EXERCISE AIM — Could you write out, word for word, only the lines from the one containing "L'aeroporto di Bristol" through the last line of the data below?

INPUT MATERIAL —
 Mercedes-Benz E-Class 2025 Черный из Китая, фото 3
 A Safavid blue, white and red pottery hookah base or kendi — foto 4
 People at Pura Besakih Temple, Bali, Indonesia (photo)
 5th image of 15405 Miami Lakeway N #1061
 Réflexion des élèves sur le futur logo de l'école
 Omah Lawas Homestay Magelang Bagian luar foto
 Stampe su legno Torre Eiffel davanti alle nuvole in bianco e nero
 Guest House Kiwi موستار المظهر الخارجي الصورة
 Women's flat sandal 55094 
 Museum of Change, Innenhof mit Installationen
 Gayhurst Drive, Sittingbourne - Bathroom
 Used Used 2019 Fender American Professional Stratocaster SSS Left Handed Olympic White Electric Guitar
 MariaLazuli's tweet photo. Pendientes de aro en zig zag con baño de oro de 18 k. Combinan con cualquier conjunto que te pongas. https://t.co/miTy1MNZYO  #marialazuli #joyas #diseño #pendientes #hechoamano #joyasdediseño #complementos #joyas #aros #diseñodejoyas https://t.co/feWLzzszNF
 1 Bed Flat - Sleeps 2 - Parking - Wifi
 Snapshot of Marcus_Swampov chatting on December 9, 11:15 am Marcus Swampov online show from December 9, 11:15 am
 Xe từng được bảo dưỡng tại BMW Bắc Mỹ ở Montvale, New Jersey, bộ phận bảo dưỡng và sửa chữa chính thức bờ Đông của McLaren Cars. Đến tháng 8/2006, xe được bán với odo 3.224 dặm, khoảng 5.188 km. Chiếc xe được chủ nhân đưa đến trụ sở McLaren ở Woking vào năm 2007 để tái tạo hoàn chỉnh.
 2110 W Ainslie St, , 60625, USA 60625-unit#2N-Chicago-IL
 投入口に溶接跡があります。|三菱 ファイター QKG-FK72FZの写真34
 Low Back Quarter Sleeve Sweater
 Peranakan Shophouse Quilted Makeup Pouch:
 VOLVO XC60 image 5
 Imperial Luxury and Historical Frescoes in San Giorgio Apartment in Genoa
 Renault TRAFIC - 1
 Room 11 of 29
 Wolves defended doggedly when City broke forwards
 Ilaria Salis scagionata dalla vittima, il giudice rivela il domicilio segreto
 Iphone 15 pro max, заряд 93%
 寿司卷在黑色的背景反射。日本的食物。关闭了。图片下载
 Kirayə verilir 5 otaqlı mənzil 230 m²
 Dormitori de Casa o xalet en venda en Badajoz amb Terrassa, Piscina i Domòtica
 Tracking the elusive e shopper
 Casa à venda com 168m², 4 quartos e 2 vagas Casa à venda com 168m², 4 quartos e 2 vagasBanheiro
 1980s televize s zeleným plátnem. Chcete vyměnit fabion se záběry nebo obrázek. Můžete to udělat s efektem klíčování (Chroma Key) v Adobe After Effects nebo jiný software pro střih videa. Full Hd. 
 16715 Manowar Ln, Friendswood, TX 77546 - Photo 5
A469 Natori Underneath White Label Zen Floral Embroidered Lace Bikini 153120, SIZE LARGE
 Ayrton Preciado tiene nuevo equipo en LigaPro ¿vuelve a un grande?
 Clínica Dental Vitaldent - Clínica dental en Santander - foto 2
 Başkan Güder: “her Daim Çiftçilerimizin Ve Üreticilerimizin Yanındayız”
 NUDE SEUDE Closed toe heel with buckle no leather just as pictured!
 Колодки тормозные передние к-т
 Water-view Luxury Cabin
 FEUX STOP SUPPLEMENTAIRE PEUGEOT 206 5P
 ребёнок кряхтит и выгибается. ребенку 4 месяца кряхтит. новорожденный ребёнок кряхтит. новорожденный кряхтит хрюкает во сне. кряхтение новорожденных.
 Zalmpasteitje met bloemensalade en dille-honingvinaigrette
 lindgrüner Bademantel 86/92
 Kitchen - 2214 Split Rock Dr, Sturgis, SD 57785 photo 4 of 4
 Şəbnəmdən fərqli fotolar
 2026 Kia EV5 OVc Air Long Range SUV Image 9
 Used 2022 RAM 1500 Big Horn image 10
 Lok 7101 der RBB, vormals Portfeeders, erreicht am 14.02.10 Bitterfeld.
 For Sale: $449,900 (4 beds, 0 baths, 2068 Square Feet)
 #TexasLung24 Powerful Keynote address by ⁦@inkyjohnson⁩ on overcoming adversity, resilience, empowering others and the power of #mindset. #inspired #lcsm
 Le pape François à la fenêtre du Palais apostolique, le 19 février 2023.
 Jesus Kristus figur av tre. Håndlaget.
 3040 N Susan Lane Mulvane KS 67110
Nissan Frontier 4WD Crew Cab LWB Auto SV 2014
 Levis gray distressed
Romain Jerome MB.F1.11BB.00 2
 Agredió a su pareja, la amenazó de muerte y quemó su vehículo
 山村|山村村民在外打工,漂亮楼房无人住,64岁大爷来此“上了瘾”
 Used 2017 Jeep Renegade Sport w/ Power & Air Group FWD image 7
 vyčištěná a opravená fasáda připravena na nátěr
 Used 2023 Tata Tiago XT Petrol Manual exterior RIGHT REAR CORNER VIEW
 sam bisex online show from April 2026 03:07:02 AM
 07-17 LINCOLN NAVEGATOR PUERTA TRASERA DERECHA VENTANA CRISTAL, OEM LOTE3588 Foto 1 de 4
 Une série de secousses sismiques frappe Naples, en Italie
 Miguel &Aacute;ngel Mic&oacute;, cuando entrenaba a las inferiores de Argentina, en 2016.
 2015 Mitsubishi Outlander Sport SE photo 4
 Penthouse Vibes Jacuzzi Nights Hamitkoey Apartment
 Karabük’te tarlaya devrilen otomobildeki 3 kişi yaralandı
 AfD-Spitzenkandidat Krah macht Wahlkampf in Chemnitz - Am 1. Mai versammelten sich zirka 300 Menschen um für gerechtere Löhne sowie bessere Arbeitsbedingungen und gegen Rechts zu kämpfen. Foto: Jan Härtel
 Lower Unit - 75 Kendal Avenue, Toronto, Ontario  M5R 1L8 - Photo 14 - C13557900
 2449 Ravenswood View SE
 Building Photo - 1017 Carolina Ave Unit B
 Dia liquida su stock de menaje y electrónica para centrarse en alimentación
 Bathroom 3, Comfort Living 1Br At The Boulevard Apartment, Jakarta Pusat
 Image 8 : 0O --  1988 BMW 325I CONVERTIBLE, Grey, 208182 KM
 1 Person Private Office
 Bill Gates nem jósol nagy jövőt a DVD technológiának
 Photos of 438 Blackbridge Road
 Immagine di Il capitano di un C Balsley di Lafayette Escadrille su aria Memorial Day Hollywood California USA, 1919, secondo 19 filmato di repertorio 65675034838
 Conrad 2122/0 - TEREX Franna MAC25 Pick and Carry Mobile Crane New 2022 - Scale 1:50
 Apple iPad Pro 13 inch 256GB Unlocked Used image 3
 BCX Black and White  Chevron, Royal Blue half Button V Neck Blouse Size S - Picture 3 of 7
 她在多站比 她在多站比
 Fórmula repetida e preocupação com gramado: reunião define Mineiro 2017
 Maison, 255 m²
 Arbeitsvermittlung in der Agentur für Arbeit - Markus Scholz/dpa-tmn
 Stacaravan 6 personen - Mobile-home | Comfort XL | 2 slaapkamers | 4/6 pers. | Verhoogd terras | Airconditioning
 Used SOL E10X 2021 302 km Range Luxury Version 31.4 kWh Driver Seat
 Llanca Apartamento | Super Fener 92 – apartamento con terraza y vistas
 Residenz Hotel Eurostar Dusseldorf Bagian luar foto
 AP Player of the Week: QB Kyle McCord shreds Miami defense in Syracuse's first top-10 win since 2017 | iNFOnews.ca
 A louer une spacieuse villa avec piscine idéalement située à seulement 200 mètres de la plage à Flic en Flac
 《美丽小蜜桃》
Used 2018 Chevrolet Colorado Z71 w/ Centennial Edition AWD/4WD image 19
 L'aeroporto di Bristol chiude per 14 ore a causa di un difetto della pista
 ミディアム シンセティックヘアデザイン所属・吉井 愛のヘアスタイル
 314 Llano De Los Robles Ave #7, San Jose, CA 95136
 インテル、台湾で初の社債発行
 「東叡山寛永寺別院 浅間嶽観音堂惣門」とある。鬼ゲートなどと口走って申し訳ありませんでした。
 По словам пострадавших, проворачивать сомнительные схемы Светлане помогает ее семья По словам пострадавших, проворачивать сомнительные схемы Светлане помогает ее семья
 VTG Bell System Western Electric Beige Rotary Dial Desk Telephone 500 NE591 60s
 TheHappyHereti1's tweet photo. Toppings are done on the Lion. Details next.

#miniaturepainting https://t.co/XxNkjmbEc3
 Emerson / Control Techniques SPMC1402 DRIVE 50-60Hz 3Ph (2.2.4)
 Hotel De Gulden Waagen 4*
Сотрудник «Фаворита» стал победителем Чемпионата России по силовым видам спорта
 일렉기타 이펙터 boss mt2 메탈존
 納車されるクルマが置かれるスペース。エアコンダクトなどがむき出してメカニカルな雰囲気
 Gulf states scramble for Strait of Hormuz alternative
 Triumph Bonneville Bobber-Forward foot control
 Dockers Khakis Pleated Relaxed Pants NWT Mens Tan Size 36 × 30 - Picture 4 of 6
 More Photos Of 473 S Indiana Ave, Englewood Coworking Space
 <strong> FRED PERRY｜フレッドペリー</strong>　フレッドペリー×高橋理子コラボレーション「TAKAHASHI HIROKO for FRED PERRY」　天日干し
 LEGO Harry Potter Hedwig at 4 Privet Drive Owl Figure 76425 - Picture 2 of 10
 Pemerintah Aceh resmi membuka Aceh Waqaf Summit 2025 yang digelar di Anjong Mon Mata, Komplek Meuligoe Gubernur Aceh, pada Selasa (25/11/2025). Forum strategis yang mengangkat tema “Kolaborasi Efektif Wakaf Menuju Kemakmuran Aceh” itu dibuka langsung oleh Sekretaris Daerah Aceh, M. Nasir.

EXPECTED ANSWER —
 L'aeroporto di Bristol chiude per 14 ore a causa di un difetto della pista
 ミディアム シンセティックヘアデザイン所属・吉井 愛のヘアスタイル
 314 Llano De Los Robles Ave #7, San Jose, CA 95136
 インテル、台湾で初の社債発行
 「東叡山寛永寺別院 浅間嶽観音堂惣門」とある。鬼ゲートなどと口走って申し訳ありませんでした。
 По словам пострадавших, проворачивать сомнительные схемы Светлане помогает ее семья По словам пострадавших, проворачивать сомнительные схемы Светлане помогает ее семья
 VTG Bell System Western Electric Beige Rotary Dial Desk Telephone 500 NE591 60s
 TheHappyHereti1's tweet photo. Toppings are done on the Lion. Details next.

#miniaturepainting https://t.co/XxNkjmbEc3
 Emerson / Control Techniques SPMC1402 DRIVE 50-60Hz 3Ph (2.2.4)
 Hotel De Gulden Waagen 4*
Сотрудник «Фаворита» стал победителем Чемпионата России по силовым видам спорта
 일렉기타 이펙터 boss mt2 메탈존
 納車されるクルマが置かれるスペース。エアコンダクトなどがむき出してメカニカルな雰囲気
 Gulf states scramble for Strait of Hormuz alternative
 Triumph Bonneville Bobber-Forward foot control
 Dockers Khakis Pleated Relaxed Pants NWT Mens Tan Size 36 × 30 - Picture 4 of 6
 More Photos Of 473 S Indiana Ave, Englewood Coworking Space
 <strong> FRED PERRY｜フレッドペリー</strong>　フレッドペリー×高橋理子コラボレーション「TAKAHASHI HIROKO for FRED PERRY」　天日干し
 LEGO Harry Potter Hedwig at 4 Privet Drive Owl Figure 76425 - Picture 2 of 10
 Pemerintah Aceh resmi membuka Aceh Waqaf Summit 2025 yang digelar di Anjong Mon Mata, Komplek Meuligoe Gubernur Aceh, pada Selasa (25/11/2025). Forum strategis yang mengangkat tema “Kolaborasi Efektif Wakaf Menuju Kemakmuran Aceh” itu dibuka langsung oleh Sekretaris Daerah Aceh, M. Nasir.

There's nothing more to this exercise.